With the second two, it bugs me the most when I talk to people who like to think of themselves as "connected with nature", but don't get those two pretty simple ideas.  Like it's never occurred to them.

I'm thinking it's probably not their fault, just the crazy state of things.

And it makes me wonder, even if I understand some of these things, people miss so much.  What am I missing?  What has no one told me?  What have I not noticed?

Sunday, April 17, 2011

Back in Business

People who blog every day or every week or every time something exciting happens make me feel guilty about how unreliably I post.  Fortunately I think the number of people who read my blog even at peak production is negligible and any guilt I feel actually stems from a sinful pride of how awesome my life regularly is.
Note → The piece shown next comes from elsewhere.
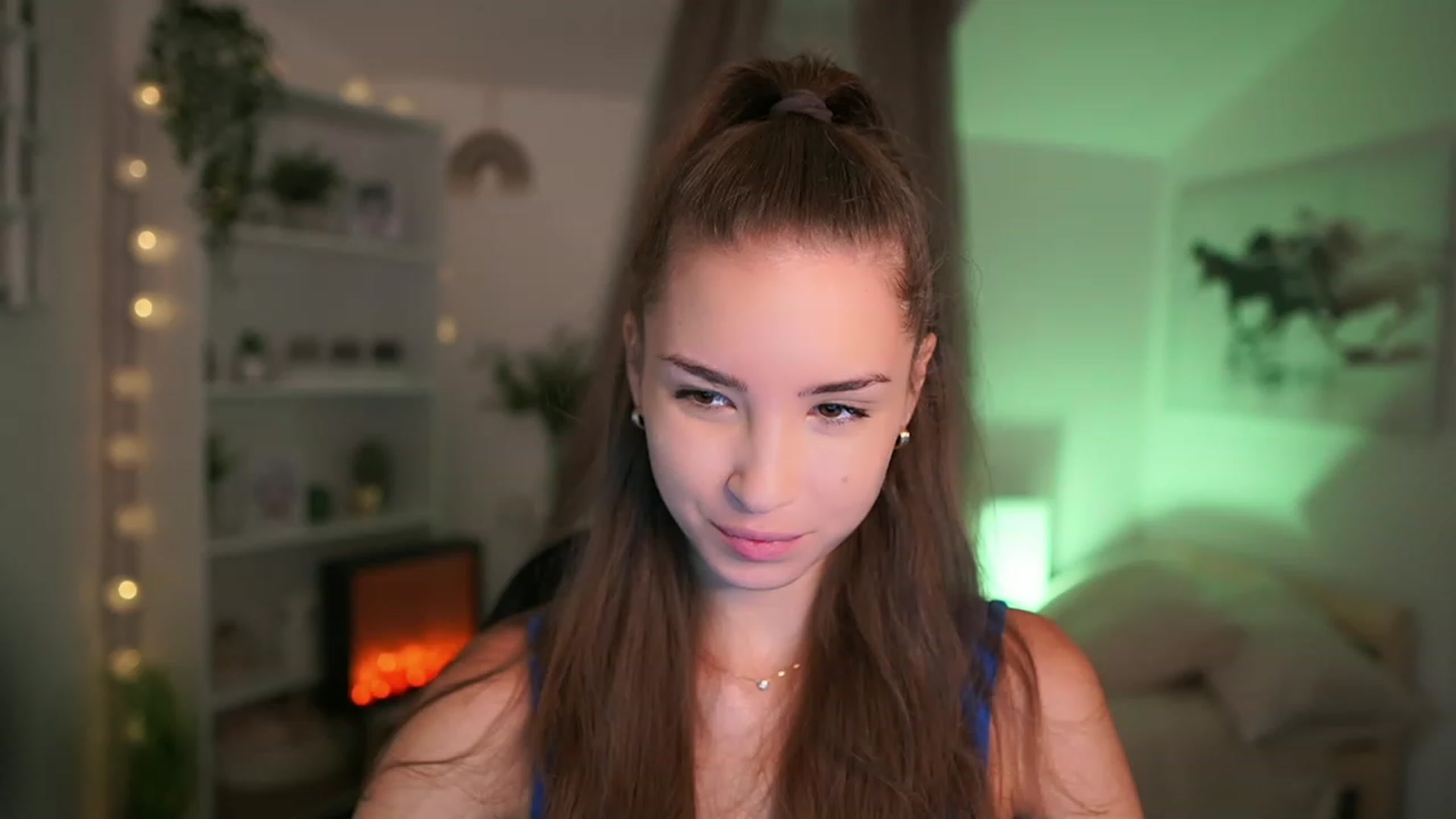 Gallery image thumbnail from Shy_jane's myfreecams stream on, 09/14/2023, 08:57 image 17 of 20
Not to say I haven't had embarrassing moments, awkward moments, moments of frustration and depression.  I've had 'em.  But the "everything else" makes up for it 176 cents on the dollar, at least.  Oftentimes more.  I'm doing good.  And, for now, I'm back in business. 
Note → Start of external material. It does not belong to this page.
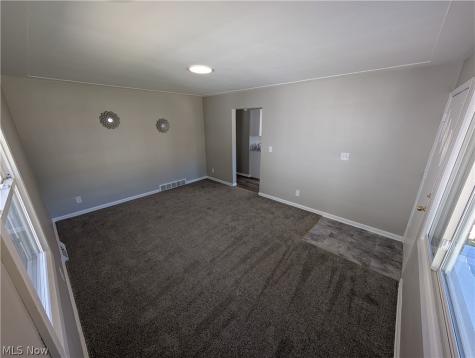 2935 Caroline Avenue Lorain OH 44055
Since the collision with the sea turtle way back in November, stuff has happened.  Anyone who knows me well enough to read my blog I think also knows what I've been up to since, but just for, like, posterity:

My family came down to Guatemala to visit me in December.  We did stuff.
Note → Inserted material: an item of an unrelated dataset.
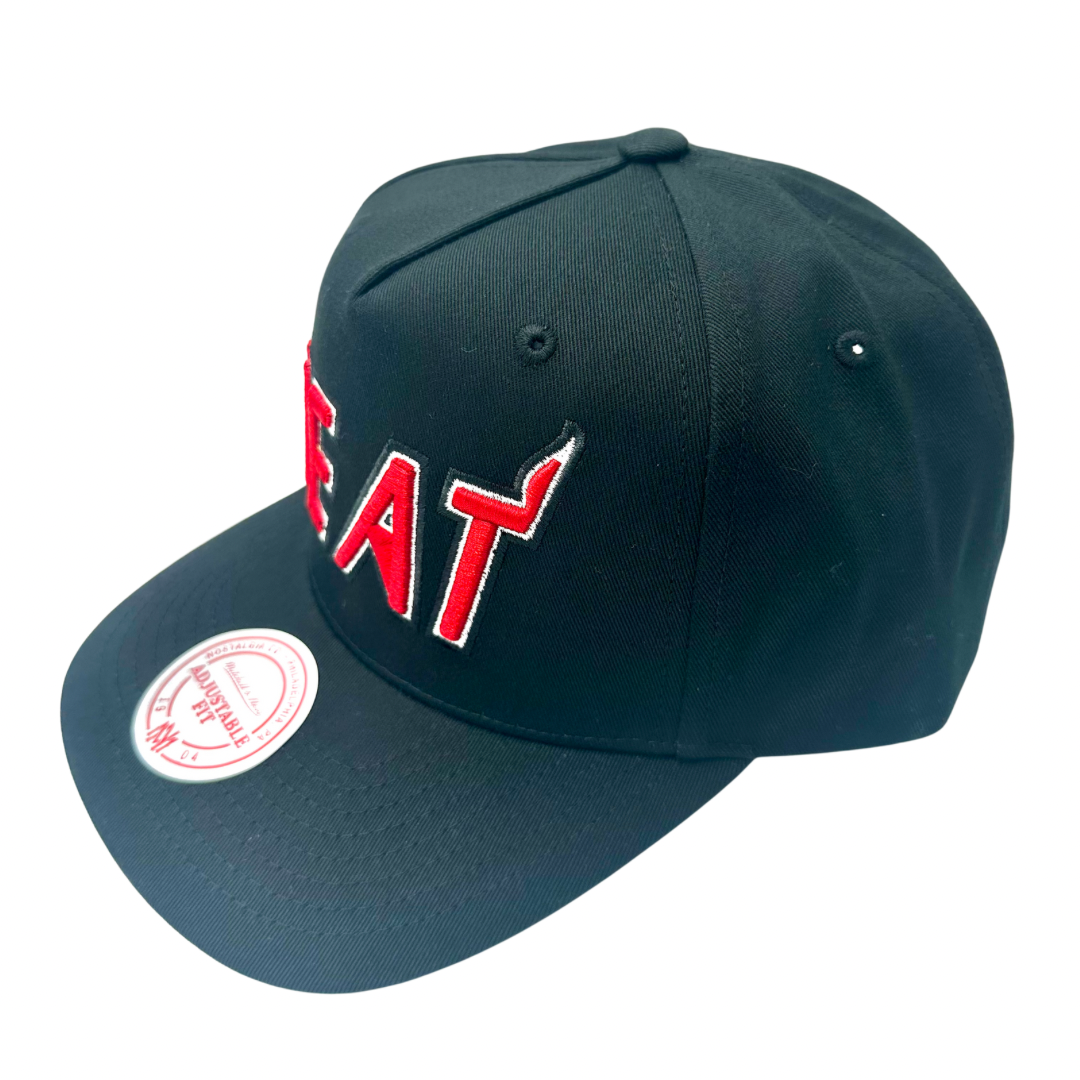 Miami Heat Hat - Black NBA Team Colour Wordmark Logo Snapback Cap - Mitchell & Ness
After they left, I moved off the beach and returned to the mountains, to Ciudad Vieja, near Antigua.

I moved in with a roommate into a real house and started doing volunteer work at Valhalla Experimental Station, a macadamia nut farm.  It's awesome.  I do stuff.  Like paint and garden and pick up nuts.

I took up cooking again, since I have a kitchen, and have since made some favorites: mad stir fries and a lovely roast chicken, as well as sapote bread.  

In March a friend from up North, Canada, came to hang out in Guatemala with me.  Plans were scattered all over the place, but we did manage to visit Hannah in Xela for a week and get a school house painted back at the beach.





I got giardia!  And got rid of it.

I got a job working at a bar and restaurant in Antigua!  I have zero experience and the learning curve is intense.  But, I think, worth it.  I'm making about ninety cents an hour.  :D

I still work at the macadamia farm, too.

Wednesday, December 01, 2010

7 1/2 Dozen


Trent the Peace Corps Surfer’s cell phone was shot for a while, so in order to discuss the coconut bread we are having made for the kids’ activities of the Festival de la Tortuga I had to actually go hunt him down in the next village over. 

I got out onto the hard sand where the tide had just left it, took off my flip-flops, and sprinted off down the beach, headed slightly to the right of where the sun had set a couple of hours before.  The moon wasn’t up yet; the stars were bright, but I couldn’t see much.  I held my single-LED keychain light in my hand as I ran, ready to turn it on if I came across anything other than flat sand and sea.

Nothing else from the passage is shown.